Prof. Taylor and mathematisation of materials science!

Prof. Jean Taylor gave a talk today in TIFR-Mathematics centre on "Some mathematical challenges in materials science". For those of you, who have seen this, the addition was the grain rotation stuff that was published recently. A nice, albeit a bit too mathematical, talk. The talk was pitched for mathematicians and ended with the moral that materials science is the place where mathematicians should be looking for problems to solve. Reminded me of this talk of Michael Atiyah, where the emphasis was on the role that physics may play in mathematics research.

Thursday, October 13, 2005

Jumping-flea polymer?

Some researchers have synthesized a highly resilient polymer with extraordinary mechanical properties. Here is a report.

h-index and Sir Arthur Adding-one!

Remember this post about the h-index? There is a letter in the latest issue of Nature which claims that the idea of such an index can be traced to Sir Arthur Eddington. The name of Eddington reminded me of this Eddington story: Apparently, Eddington thought that the fine structure constant was 1/136 and gave a numerological explanation as to why the number is 136. Later, more accurate measurements showed this to be 1/137. Eddington came up with the modified explanation as to why it should only be 137, which earned him the name "Sir Arthur Adding-one" from Punch.

Connecting fiction and science!

Take a look at this opinion column published in the October 2005 issue of Materials Today; here is project SciTalk page. So, if you want to interact with fiction writers, go make yourself a page at SciTalk.

What about scientists who want to write fiction? Well, the idea of fiction is not new to scientists. That venerable Dada of computer science Knuth, for example, wrote Surreal numbers: How two ex-students turned on to pure mathematics and found total happiness. ET Bell and Isaac Asimov wrote memorable science fiction. Further, the best scientific communication, be it a talk or paper, happens when it is (almost always) structured like a mystery novel. In fact, in my opinion, good mystery novels approximate scientific writing. So, if you have that irresistible urge to write fiction, why not start today?

Monday, October 10, 2005

The voice of Einstein!

Go here, and listen to Einstein on mass-energy equivalence; link via cosmic variance.

Thursday, October 06, 2005

Some good news from Nature!

Nature has started a weekly (free) podcast service: the first issue is here. Go here for further information.

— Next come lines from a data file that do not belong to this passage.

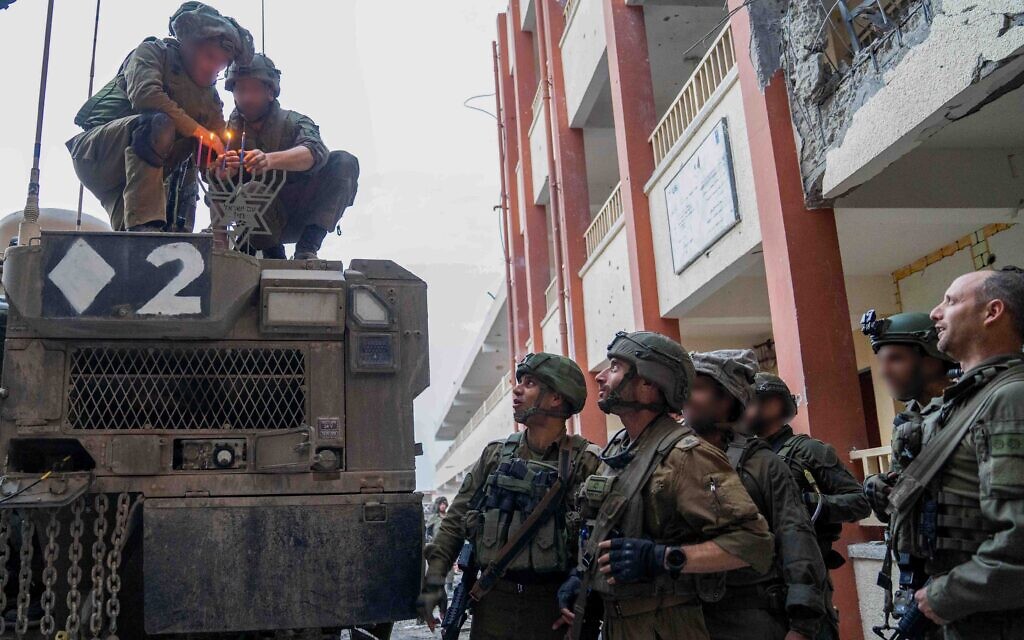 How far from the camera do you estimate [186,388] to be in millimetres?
3258

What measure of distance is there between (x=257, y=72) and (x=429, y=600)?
2680 mm

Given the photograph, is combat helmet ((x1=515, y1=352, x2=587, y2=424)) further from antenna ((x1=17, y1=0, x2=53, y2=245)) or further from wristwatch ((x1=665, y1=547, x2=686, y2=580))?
antenna ((x1=17, y1=0, x2=53, y2=245))

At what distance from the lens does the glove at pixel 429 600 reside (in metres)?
3.12

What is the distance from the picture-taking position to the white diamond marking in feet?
10.1

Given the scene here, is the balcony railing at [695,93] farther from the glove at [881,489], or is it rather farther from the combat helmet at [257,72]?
the glove at [881,489]

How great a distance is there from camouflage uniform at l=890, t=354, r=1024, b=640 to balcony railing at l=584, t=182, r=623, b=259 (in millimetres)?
7719

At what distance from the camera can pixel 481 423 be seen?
82.1 feet

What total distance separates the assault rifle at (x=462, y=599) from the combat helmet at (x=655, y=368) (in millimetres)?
1000

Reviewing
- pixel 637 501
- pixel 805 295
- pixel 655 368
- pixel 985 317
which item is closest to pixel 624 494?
pixel 637 501

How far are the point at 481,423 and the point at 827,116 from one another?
1974 cm

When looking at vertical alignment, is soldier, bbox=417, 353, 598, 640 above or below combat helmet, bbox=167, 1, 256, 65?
below

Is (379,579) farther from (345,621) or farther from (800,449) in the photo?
(800,449)

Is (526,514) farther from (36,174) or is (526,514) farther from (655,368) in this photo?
(36,174)

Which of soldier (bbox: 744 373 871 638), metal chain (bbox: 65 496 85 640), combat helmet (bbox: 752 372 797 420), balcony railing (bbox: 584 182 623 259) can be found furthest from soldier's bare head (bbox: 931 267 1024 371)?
balcony railing (bbox: 584 182 623 259) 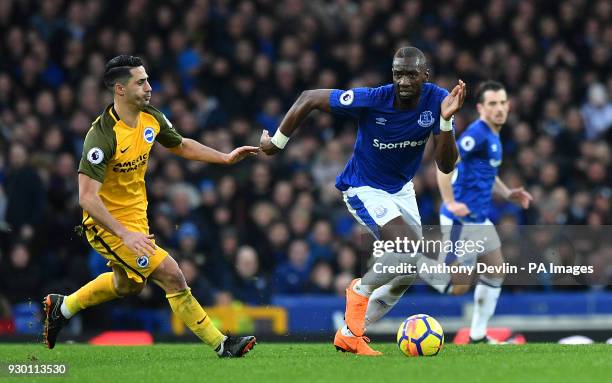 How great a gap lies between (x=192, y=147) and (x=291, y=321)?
4.28 m

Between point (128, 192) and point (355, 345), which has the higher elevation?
point (128, 192)

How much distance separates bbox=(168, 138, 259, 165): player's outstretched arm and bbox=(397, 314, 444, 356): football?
182 cm

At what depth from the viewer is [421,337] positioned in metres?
8.64

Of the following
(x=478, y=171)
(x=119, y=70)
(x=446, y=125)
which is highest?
(x=119, y=70)

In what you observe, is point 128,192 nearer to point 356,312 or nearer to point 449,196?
point 356,312

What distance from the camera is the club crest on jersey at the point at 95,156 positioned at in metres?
8.21

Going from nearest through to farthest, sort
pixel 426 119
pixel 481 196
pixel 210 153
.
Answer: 1. pixel 426 119
2. pixel 210 153
3. pixel 481 196

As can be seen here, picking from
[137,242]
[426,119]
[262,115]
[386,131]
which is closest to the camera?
[137,242]

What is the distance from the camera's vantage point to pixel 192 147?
912cm

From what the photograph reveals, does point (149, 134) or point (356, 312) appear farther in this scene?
point (356, 312)

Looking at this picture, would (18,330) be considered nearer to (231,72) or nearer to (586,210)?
(231,72)

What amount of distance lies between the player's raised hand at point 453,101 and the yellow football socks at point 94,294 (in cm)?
288

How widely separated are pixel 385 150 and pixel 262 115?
22.4ft

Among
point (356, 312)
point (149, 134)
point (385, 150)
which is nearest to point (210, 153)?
point (149, 134) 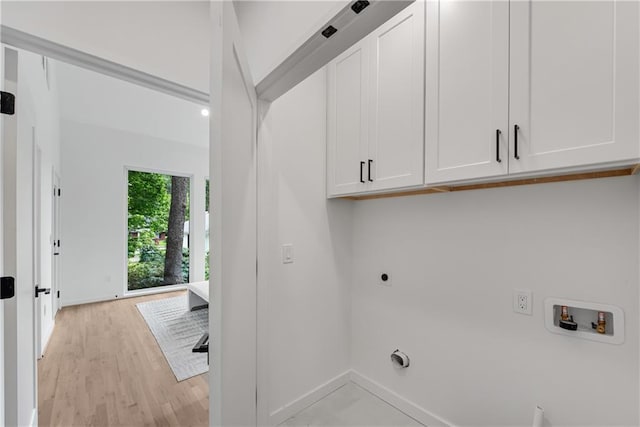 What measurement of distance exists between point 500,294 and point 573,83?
984 millimetres

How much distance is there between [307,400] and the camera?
1.81m

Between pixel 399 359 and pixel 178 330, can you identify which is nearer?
pixel 399 359

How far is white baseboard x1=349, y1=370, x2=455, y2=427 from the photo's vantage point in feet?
5.37

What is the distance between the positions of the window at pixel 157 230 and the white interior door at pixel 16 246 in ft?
12.9

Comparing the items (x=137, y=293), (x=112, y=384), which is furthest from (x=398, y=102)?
(x=137, y=293)

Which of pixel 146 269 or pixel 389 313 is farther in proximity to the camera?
pixel 146 269

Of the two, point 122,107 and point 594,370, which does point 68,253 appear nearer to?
point 122,107

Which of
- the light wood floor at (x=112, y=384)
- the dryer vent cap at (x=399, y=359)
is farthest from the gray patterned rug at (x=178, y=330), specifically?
the dryer vent cap at (x=399, y=359)

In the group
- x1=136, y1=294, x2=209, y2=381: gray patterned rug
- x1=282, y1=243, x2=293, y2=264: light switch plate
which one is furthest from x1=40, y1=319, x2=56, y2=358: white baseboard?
x1=282, y1=243, x2=293, y2=264: light switch plate

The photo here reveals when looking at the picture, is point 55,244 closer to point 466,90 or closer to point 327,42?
point 327,42

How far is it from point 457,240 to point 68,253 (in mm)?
5363

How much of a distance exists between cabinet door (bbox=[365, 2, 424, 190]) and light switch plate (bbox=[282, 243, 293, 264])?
637 mm

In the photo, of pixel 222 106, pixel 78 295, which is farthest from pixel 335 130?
pixel 78 295

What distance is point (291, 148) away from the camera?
69.5 inches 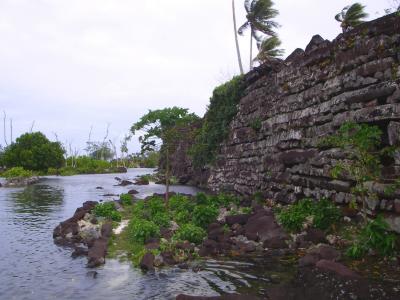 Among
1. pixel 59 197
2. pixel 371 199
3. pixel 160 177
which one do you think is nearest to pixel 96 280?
pixel 371 199

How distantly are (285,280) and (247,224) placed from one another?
168 inches

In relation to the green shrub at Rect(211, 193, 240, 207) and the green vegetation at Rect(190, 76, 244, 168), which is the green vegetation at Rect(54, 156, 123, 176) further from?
the green shrub at Rect(211, 193, 240, 207)

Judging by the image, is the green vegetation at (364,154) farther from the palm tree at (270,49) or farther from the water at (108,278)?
the palm tree at (270,49)

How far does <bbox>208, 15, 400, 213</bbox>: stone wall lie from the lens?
10.2 m

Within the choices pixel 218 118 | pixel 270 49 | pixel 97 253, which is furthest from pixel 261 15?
pixel 97 253

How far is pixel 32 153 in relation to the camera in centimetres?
6019

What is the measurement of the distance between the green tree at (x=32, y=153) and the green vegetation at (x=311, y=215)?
2142 inches

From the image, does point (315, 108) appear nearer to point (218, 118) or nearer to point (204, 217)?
point (204, 217)

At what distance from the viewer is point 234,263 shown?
10.2 m

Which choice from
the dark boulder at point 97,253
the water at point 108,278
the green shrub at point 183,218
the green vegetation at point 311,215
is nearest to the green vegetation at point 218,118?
the green shrub at point 183,218

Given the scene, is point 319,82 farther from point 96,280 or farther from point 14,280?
→ point 14,280

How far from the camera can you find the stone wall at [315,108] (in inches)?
402

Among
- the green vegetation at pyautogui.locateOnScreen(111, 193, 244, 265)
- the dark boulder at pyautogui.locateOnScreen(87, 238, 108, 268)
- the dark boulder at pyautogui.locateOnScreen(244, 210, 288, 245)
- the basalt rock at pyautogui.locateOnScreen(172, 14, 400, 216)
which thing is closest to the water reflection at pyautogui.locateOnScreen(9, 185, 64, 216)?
the green vegetation at pyautogui.locateOnScreen(111, 193, 244, 265)

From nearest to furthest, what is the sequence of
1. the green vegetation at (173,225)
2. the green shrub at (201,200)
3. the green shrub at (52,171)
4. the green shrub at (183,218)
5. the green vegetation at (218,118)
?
the green vegetation at (173,225) → the green shrub at (183,218) → the green shrub at (201,200) → the green vegetation at (218,118) → the green shrub at (52,171) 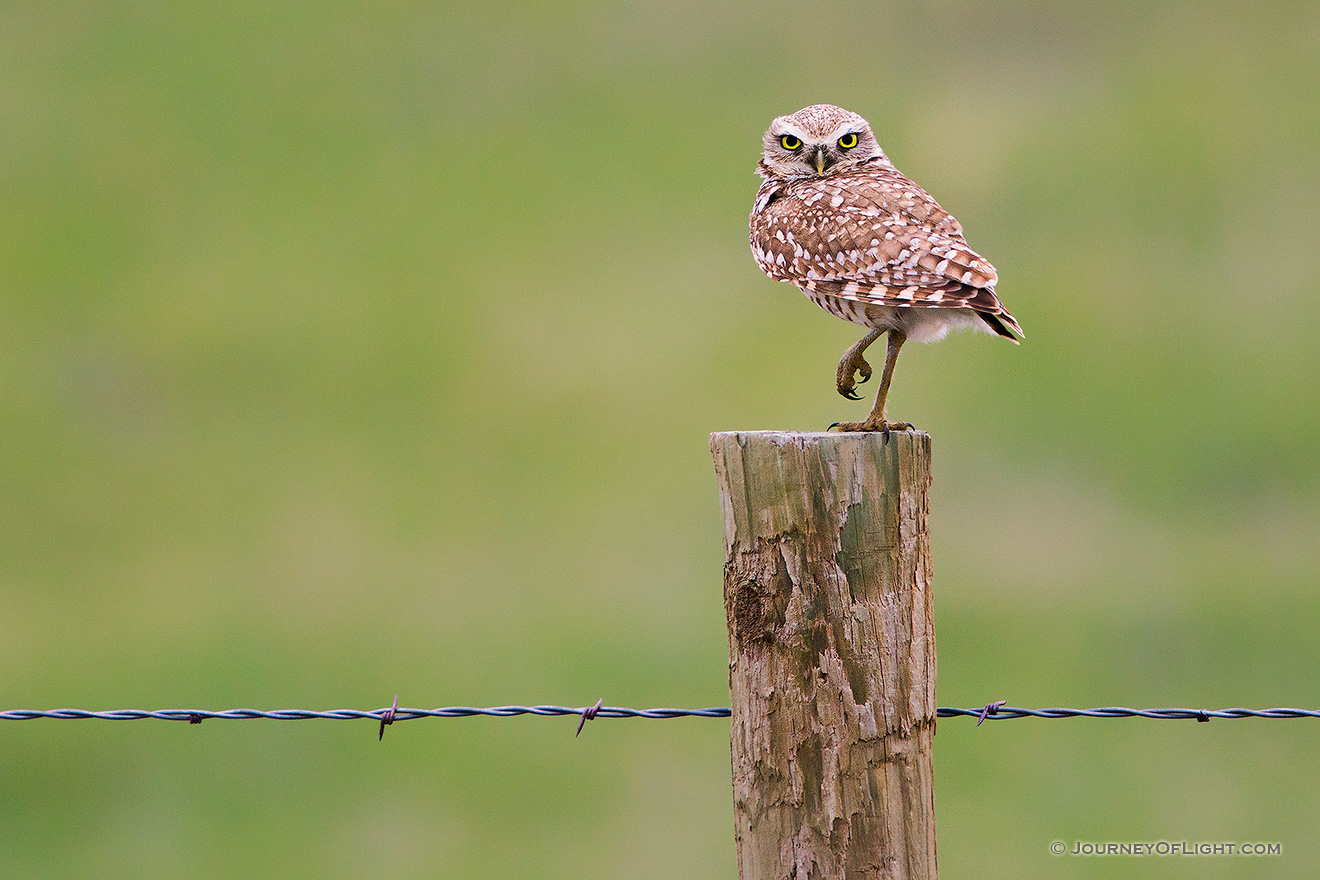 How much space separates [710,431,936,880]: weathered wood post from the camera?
3162 mm

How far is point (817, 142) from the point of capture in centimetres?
533

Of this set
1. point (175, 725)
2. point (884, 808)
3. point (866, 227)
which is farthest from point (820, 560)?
point (175, 725)

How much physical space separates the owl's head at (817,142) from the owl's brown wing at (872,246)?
7.0 inches

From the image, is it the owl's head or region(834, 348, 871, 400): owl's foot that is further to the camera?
the owl's head

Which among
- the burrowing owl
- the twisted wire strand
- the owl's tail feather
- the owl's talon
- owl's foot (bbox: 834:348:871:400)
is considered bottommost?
the twisted wire strand

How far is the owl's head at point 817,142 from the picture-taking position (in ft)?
17.5

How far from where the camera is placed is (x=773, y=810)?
3.22 metres

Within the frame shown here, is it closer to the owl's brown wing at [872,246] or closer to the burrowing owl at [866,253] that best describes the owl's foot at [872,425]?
the burrowing owl at [866,253]

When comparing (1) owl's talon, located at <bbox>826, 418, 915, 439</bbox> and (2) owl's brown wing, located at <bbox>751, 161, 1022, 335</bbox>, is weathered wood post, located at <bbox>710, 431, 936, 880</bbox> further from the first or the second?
(2) owl's brown wing, located at <bbox>751, 161, 1022, 335</bbox>

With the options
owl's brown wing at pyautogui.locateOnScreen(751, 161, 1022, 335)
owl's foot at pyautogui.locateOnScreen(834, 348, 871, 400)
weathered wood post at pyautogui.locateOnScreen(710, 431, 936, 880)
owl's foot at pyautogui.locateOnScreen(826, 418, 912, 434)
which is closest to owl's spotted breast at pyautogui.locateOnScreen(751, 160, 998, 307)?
owl's brown wing at pyautogui.locateOnScreen(751, 161, 1022, 335)

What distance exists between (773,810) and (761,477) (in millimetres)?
848

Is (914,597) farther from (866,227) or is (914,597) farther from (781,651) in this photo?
(866,227)

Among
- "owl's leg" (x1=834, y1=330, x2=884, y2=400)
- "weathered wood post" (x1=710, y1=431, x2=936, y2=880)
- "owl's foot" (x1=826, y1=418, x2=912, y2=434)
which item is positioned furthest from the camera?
"owl's leg" (x1=834, y1=330, x2=884, y2=400)

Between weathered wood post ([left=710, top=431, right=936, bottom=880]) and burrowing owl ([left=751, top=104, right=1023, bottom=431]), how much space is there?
60cm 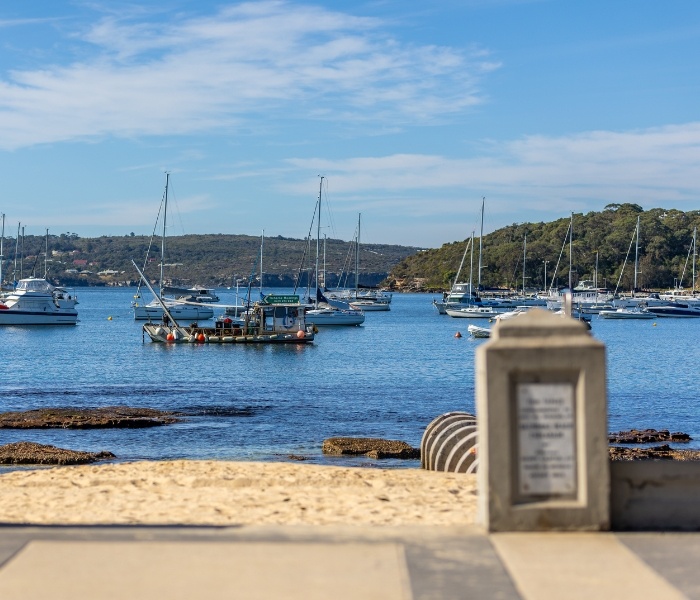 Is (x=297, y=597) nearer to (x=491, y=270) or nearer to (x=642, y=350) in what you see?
(x=642, y=350)

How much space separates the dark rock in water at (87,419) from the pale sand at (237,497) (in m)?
12.9

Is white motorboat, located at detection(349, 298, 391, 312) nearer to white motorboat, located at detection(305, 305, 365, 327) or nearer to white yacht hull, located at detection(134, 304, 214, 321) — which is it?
white yacht hull, located at detection(134, 304, 214, 321)

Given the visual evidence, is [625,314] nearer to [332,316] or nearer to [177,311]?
[332,316]

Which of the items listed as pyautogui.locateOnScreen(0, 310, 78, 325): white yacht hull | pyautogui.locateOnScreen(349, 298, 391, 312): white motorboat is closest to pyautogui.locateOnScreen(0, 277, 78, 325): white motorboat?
pyautogui.locateOnScreen(0, 310, 78, 325): white yacht hull

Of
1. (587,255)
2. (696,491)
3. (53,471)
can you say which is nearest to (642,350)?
(53,471)

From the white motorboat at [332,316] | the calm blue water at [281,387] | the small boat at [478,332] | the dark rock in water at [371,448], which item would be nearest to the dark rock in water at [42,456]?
the calm blue water at [281,387]

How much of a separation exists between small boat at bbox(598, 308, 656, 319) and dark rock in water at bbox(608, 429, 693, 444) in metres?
89.3

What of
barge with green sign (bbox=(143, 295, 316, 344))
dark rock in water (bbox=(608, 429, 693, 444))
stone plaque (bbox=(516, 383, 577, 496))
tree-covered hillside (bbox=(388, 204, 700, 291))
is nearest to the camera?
stone plaque (bbox=(516, 383, 577, 496))

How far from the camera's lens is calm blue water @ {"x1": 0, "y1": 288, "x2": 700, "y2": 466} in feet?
86.9

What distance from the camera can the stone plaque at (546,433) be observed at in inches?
316

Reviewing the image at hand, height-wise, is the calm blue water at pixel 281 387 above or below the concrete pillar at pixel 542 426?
below

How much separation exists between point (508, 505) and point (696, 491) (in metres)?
1.55

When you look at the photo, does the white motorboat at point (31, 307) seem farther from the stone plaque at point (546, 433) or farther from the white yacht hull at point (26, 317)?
the stone plaque at point (546, 433)

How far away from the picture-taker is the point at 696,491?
855cm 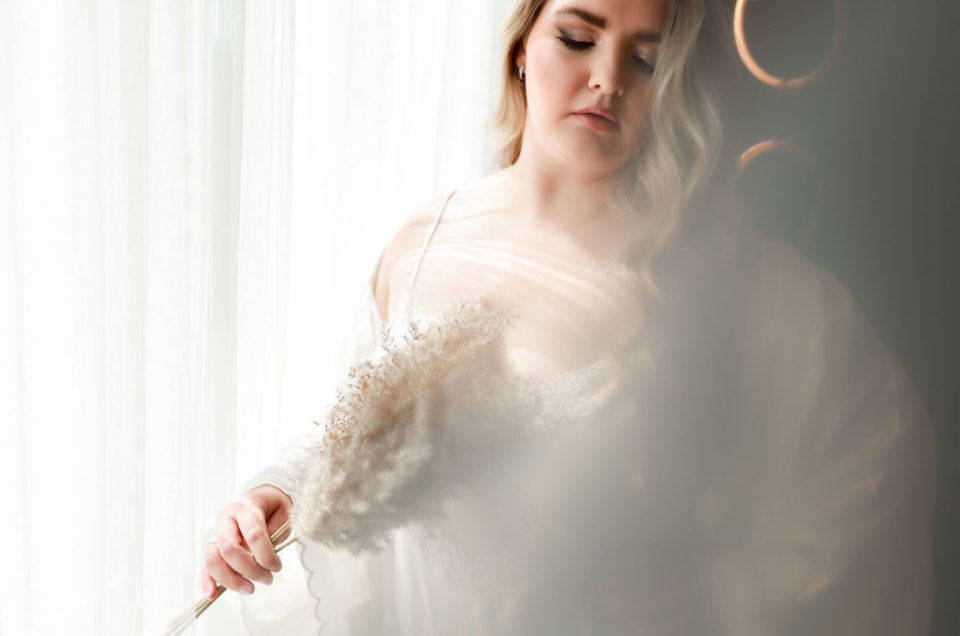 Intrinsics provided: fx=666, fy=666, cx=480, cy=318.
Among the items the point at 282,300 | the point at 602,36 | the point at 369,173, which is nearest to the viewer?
the point at 602,36

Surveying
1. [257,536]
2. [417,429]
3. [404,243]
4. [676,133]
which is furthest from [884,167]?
[257,536]

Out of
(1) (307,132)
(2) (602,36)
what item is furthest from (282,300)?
(2) (602,36)

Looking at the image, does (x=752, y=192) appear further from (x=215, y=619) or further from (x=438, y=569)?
(x=215, y=619)

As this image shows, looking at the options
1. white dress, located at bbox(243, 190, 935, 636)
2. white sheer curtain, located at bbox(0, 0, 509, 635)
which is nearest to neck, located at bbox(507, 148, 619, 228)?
white dress, located at bbox(243, 190, 935, 636)

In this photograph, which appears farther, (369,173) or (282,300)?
(369,173)

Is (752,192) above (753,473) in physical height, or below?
above

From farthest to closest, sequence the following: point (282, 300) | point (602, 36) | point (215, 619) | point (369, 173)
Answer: point (369, 173), point (282, 300), point (215, 619), point (602, 36)

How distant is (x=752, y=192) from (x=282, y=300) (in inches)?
27.8

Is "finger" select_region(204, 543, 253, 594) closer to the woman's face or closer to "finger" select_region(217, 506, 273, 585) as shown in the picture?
"finger" select_region(217, 506, 273, 585)

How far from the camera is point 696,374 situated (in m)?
0.58

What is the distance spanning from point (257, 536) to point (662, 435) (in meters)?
0.41

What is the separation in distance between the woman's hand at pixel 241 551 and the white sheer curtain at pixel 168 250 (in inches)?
5.0

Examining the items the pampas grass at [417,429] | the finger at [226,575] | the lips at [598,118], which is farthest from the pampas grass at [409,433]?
the lips at [598,118]

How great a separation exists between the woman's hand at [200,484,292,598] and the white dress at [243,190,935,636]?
15 cm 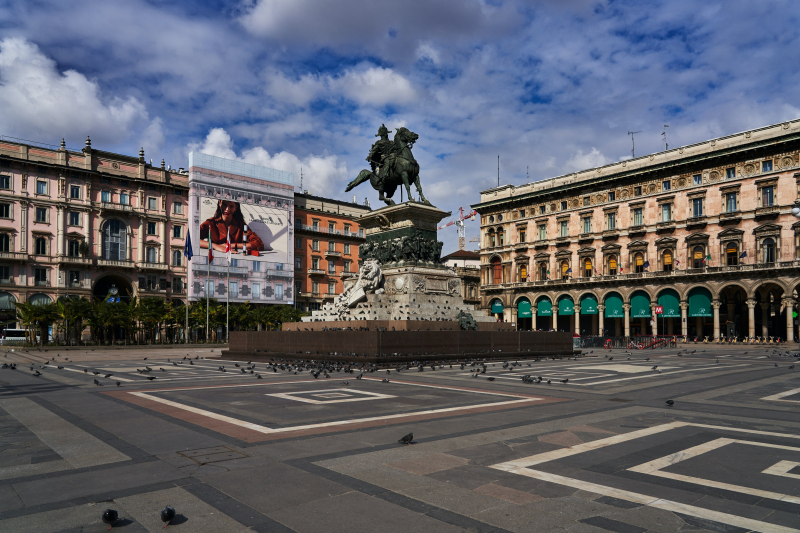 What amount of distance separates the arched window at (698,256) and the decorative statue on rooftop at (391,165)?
155 ft

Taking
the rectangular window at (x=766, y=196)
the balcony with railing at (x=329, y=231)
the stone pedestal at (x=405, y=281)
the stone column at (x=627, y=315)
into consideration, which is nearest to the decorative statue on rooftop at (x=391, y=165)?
the stone pedestal at (x=405, y=281)

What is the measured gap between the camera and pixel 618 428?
9664mm

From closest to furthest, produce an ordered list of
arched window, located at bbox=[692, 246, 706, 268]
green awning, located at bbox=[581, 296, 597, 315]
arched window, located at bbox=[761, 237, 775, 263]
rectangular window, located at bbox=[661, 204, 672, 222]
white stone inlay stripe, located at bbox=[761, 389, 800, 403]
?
white stone inlay stripe, located at bbox=[761, 389, 800, 403] → arched window, located at bbox=[761, 237, 775, 263] → arched window, located at bbox=[692, 246, 706, 268] → rectangular window, located at bbox=[661, 204, 672, 222] → green awning, located at bbox=[581, 296, 597, 315]

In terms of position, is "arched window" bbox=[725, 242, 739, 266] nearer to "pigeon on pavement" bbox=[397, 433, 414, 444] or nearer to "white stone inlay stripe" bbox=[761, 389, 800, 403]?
"white stone inlay stripe" bbox=[761, 389, 800, 403]

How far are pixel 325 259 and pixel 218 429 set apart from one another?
80962mm

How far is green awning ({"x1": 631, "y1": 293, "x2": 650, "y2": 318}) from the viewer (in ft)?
225

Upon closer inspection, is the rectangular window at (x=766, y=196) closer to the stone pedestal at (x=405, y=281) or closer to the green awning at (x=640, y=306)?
the green awning at (x=640, y=306)

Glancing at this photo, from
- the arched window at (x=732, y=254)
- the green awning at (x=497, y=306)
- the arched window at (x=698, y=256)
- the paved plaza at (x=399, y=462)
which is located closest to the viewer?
the paved plaza at (x=399, y=462)

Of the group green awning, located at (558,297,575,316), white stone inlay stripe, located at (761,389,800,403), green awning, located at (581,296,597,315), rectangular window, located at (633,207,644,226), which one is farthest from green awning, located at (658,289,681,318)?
white stone inlay stripe, located at (761,389,800,403)

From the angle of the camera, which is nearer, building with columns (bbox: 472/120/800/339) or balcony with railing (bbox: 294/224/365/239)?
building with columns (bbox: 472/120/800/339)

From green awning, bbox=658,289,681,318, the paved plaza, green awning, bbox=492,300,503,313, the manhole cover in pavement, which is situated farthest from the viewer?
green awning, bbox=492,300,503,313

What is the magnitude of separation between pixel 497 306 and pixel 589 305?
50.8 feet

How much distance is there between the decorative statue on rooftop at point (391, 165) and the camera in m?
30.9

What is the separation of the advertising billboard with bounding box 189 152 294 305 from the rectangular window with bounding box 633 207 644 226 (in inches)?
1869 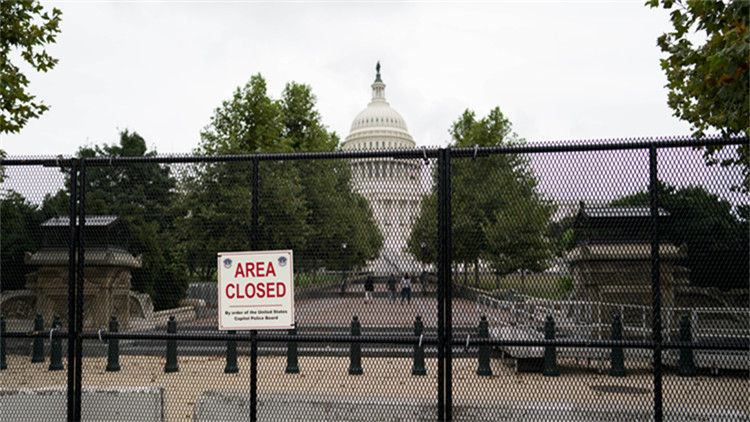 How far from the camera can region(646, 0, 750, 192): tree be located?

After materials, it is time for Physics now: the first issue of Nature Physics is here!

Wednesday, October 05, 2005

Vacancies and stress relaxation!

Zhang, Johnson and Dahmen have recently published a paper in Acta Materialia on vacancy mediated elastic stress relaxation. Zhang et al use in-situ transmission electron microscopy to study the solidification of lead, lead-cadmium, and lead-indium particles embedded in aluminum. The elastic stresses that develop due to the shape and volume changes during the solidification are relaxed by ferrying vacancies to the precipitate-matrix interface from the bulk. The experiments are done on inclusions well inside the matrix; that would mean transmission electron microscopy on samples of thickness of the order 100-200 nm. I found no explicit mention of that information in the paper, though, I understand that with microscopes that operate at higher voltages, it indeed is possible to study specimens that thick. The experiments are isothermal and hence the thermal strains are ruled out. The micrographs in Figures 2 and 4, and the (schematic in) Figure 4 are sort of neat; a paper worth taking a look at.